There are fewer investment bankers, or those who understand capital markets, sitting on boards today. Are boards making decisions around M&A without having close counsel?
This is an incredibly important point. Because directors are less experienced in the financial world, there should be someone in the boardroom who says to them, if you start thinking about an LBO, and you bring in a transactional adviser on the financing, they’re more likely to advise you to do an LBO. Why would they do that? Because they get a better fee if they sell you to Carlyle than if they sell you to General Motors. For instance, if you do a billion-dollar deal, the adviser gets a one percent fee or $10 million. But if you sell to KKR or Carlyle, the adviser gets that plus a fee of two or three percent on the financing, so there you are.
The economic cycle has started to turn south. What will happen to all of these financial deals when there is no longer a buyer sitting at the table?
I think you’re starting to see that now. No one knows the timing or place. The risk premium today is 300 to 400 basis points. So while the markets are backing up, it’s still half of what it’s been traditionally. We still have a long way to go.

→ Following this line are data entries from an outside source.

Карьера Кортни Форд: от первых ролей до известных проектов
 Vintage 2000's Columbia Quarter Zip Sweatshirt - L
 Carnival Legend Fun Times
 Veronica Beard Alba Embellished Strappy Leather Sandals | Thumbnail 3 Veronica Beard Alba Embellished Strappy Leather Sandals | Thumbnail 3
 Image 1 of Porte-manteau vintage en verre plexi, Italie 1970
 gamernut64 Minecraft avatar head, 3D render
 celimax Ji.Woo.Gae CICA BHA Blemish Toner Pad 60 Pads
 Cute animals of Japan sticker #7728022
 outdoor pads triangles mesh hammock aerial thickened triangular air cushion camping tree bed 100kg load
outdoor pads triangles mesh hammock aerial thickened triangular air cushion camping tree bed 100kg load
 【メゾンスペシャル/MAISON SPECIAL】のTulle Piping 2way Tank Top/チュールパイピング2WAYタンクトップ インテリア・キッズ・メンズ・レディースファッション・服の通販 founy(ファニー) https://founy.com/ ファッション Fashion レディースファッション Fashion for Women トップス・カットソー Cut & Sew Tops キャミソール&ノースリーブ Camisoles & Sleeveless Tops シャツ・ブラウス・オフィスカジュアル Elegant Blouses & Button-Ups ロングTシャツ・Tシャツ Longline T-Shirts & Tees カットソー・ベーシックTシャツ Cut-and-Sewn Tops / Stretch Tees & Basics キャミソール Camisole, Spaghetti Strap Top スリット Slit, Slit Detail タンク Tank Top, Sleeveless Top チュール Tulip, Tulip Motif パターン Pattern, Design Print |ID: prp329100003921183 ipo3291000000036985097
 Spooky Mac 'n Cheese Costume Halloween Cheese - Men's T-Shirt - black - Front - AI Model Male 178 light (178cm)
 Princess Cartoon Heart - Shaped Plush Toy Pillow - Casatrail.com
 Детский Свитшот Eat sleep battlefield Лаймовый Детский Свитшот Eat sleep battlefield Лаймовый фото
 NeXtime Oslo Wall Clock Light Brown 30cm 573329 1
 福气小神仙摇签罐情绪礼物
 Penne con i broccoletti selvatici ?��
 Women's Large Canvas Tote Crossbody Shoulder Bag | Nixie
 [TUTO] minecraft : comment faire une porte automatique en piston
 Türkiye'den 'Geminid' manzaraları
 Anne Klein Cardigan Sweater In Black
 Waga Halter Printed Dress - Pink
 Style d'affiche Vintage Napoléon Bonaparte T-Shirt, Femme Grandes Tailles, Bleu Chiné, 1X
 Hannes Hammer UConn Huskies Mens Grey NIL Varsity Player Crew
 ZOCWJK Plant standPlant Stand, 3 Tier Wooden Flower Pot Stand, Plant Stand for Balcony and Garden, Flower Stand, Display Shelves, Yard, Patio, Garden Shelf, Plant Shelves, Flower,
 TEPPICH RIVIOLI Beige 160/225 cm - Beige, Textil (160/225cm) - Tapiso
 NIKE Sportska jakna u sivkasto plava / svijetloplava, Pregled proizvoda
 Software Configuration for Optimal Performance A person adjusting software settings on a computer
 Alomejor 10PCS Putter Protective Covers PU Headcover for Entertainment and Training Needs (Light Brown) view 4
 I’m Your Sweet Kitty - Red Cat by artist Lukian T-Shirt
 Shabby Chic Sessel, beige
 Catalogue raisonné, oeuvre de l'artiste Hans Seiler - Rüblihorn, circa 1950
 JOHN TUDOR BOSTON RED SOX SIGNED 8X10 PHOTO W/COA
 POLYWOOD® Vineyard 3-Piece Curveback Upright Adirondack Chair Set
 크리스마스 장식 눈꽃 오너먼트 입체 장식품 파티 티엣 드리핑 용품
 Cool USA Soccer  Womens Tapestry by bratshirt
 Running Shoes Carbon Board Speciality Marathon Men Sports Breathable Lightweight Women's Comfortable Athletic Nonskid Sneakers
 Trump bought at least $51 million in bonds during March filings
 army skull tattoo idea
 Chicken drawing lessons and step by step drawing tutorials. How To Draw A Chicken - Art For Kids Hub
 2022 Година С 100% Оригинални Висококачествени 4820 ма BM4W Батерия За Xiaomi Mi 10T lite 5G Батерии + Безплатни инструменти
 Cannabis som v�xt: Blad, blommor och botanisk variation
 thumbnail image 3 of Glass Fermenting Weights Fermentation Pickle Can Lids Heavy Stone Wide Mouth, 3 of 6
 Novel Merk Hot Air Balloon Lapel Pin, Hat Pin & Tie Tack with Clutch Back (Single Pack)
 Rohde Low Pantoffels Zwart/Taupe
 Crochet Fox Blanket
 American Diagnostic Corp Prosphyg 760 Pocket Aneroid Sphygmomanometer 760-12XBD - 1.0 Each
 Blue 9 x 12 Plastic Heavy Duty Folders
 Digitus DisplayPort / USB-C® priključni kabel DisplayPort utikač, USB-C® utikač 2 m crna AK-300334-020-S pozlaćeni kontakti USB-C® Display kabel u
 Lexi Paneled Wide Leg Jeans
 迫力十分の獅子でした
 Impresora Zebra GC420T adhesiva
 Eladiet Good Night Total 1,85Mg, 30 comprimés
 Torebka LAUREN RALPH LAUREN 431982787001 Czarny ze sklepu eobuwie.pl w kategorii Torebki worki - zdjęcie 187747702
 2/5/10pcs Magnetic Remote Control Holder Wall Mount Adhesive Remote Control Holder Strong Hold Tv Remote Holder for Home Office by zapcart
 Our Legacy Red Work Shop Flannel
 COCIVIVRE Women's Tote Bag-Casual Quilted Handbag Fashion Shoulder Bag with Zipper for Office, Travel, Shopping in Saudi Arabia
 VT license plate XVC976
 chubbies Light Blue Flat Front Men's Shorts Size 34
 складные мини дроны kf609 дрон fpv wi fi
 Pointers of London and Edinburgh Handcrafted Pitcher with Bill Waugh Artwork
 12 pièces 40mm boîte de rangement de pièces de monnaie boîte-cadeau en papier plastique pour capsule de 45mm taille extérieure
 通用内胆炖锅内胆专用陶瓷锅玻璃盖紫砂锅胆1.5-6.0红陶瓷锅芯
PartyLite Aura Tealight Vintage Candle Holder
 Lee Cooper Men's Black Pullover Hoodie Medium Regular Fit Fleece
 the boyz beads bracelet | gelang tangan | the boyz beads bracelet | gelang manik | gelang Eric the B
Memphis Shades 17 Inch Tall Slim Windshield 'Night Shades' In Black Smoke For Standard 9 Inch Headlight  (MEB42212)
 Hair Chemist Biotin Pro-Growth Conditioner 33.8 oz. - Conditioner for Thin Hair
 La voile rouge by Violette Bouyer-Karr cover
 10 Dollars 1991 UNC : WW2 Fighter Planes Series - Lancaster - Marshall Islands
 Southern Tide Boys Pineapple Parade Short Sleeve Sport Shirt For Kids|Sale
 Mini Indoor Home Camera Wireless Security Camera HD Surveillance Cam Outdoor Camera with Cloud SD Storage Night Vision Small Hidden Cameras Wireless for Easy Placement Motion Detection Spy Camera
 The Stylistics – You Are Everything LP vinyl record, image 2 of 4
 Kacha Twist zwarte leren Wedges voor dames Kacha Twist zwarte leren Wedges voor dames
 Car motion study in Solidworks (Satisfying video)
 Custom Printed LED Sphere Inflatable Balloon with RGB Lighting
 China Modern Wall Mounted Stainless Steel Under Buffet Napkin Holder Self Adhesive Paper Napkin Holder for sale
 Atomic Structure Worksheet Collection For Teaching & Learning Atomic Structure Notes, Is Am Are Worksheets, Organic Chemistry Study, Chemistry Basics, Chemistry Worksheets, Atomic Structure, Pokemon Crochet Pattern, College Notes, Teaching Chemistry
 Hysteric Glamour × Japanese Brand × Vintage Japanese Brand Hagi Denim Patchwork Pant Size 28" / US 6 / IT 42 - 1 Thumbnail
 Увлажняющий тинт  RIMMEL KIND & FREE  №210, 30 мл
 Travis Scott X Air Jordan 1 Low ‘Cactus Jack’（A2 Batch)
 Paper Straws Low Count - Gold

In the LBO business to be specific, companies that have been borrowing are likely to be in violation of their covenants – when those deals go south, those people may be fired, and at least in some cases, put in jail.
We do this every 10 years?
I know, but the firms don’t do anything about it. I guarantee that the guy would have been fired in the past, but today you don’t know. The point is these fellows were making loans earlier this year, giving options, doing a covenant-light deal—a five- to seven-year deal with no covenants. What are they thinking? What are they thinking?
Are there any clear winners or losers?
Not really. At the moment, the Blackstones of the world appear to be the winners because they have other people’s money and they have their loans on top of the bankers’ loans. There are some rumors around…I don’t know this to be true, that the major firms are going back to the LBO guys and saying, “We don’t want these loans on our balance sheets. Take them back.” That is going to be an interesting dance to watch.